The election is a test of whether Southern Baptist pastors are leaning toward more Reformed theology tendencies or staying with leaders who tend to be critical of Reformed theology.

Slated for a vote to serve as president of the convention are J.D. Greear, pastor of the Summit Church in Durham, North Carolina, and Steve Gaines, who serves as senior pastor of Bellevue Baptist Church, Memphis, Tennessee, one of the more historic parishes for Southern Baptists….Greear, 43, who is a strong Calvinist, represents the resurgence in Reformed theology, especially among younger evangelicals. Gaines, 58, has a moderately Reformed bent and is seen largely as the continuation of current President Ronnie Floyd, and is held in high esteem by baby boomers. Generation X-ers are largely caught in the middle.

 

Southern Baptists will vote June 14 [balloting will continue on June 15] in Saint Louis, Missouri, for a new convention president in an election experts say might determine the future of evangelism in the nation’s largest Protestant denomination.

The election is also a test of whether Southern Baptist pastors are leaning toward the more Reformed theology tendencies of some of their younger millennial leaders or are staying with leaders who tend to be more critical of Reformed theology.

According to sources who could not be named for this article but who are very familiar with the inner workings of the denomination’s structure and affiliated institutions, at issue is both the theological orientation of the Baptist faith and Message and its overall approach to ministry. What is arguably most at stake is the fervor for evangelism for which Southern Baptists have been known historically.
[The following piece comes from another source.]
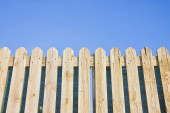 Detail of a wooden fence built with spiky wooden boards against a blue sky mug #690280740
One indication of the size of the debate is a chart circulating in SBC circles that argues that baptisms have fallen off since 2000, when Calvinism began to reach a critical mass within the Convention. One source argues the chart shows that the number of baptisms steadily increases from 1880 on until 2000, and that in the last year Baptisms only mirrored the numbers posted in 1947 because of the influence of Reformed Theology on younger SBC leaders, even as the number of Southern Baptist churches continues to grow.

Slated for a vote to serve as president of the convention are J.D. Greear, pastor of the Summit Church in Durham, North Carolina, and Steve Gaines, who serves as senior pastor of Bellevue Baptist Church, Memphis, Tennessee, one of the more historic parishes for Southern Baptists. Neither Greear nor Gaines could be reached by press time.

Greear, 43, who is a strong Calvinist, represents the resurgence in Reformed theology, especially among younger evangelicals. Gaines, 58, has a moderately Reformed bent and is seen largely as the continuation of current President Ronnie Floyd, and is held in high esteem by baby boomers. Generation X-ers are largely caught in the middle.

Also nominated for the position is Pastor David Crosby of New Orleans, Louisiana, but he is not considered to be a viable contender.